Efforts to reach Gloria and Bryan Haskins were unsuccessful Tuesday, as were efforts to reach Stan Spears Jr. and Stan Spears Sr.
McCain’s campaign is paying MLF Associates of Greenville $7,000 a month. MLF Associates is Fair’s firm, although it is not registered with the secretary of state’s office as a corporation.
Fair said Tuesday he has not worked for a campaign before but is working to help McCain with fellow social conservatives who have not always supported McCain.
“I was a big Bush supporter eight years ago, which meant you weren’t for Senator McCain at all,” Fair said.
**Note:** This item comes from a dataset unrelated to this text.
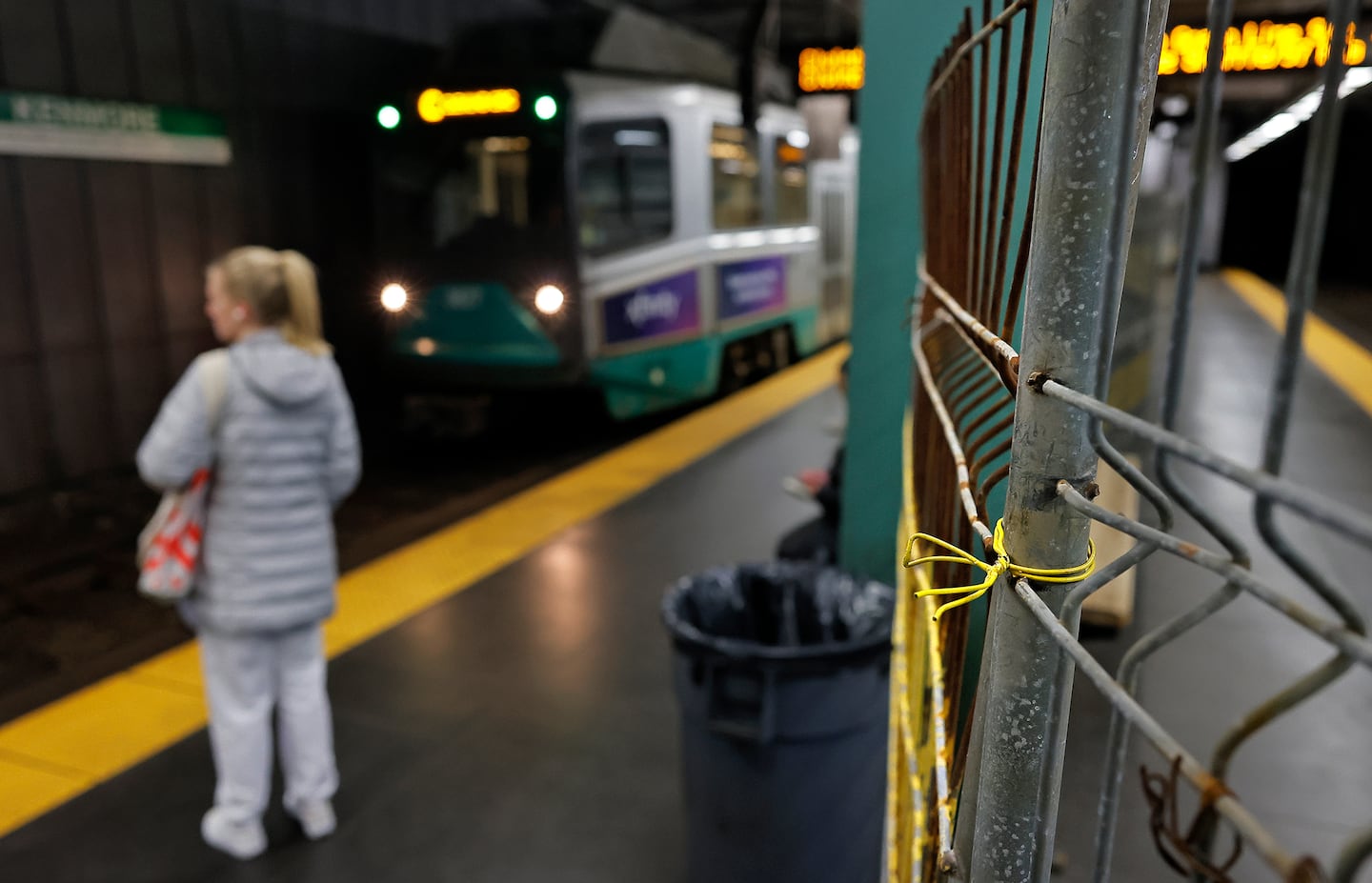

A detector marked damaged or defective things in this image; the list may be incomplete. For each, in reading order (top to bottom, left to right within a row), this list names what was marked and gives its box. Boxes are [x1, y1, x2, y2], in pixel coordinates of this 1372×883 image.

Many social conservatives were distrustful of McCain after the senator made disparaging remarks about evangelicals during the divisive 2000 S.C. presidential primary. But when Rep. Terry Haskins, R-Greenville, died of skin cancer in the summer of 2000, McCain attended the funeral at Bob Jones University in Greenville. Fair and Haskins were close friends, and Haskins was a McCain supporter before resigning over the dust-up with evangelicals.
That McCain showed up for the funeral, “without fanfare,” Fair said, meant a lot to him. In the past year, Fair said, he’s studied McCain’s record and found him to be opposed to abortion, opposed to gay marriage and to be staunchly pro-Israel. It helped convince him to endorse McCain.
Fair’s support has been important, said Richard Quinn, McCain’s S.C. political consultant. Fair endorsed McCain in October but has been paid as a consultant for the past few months.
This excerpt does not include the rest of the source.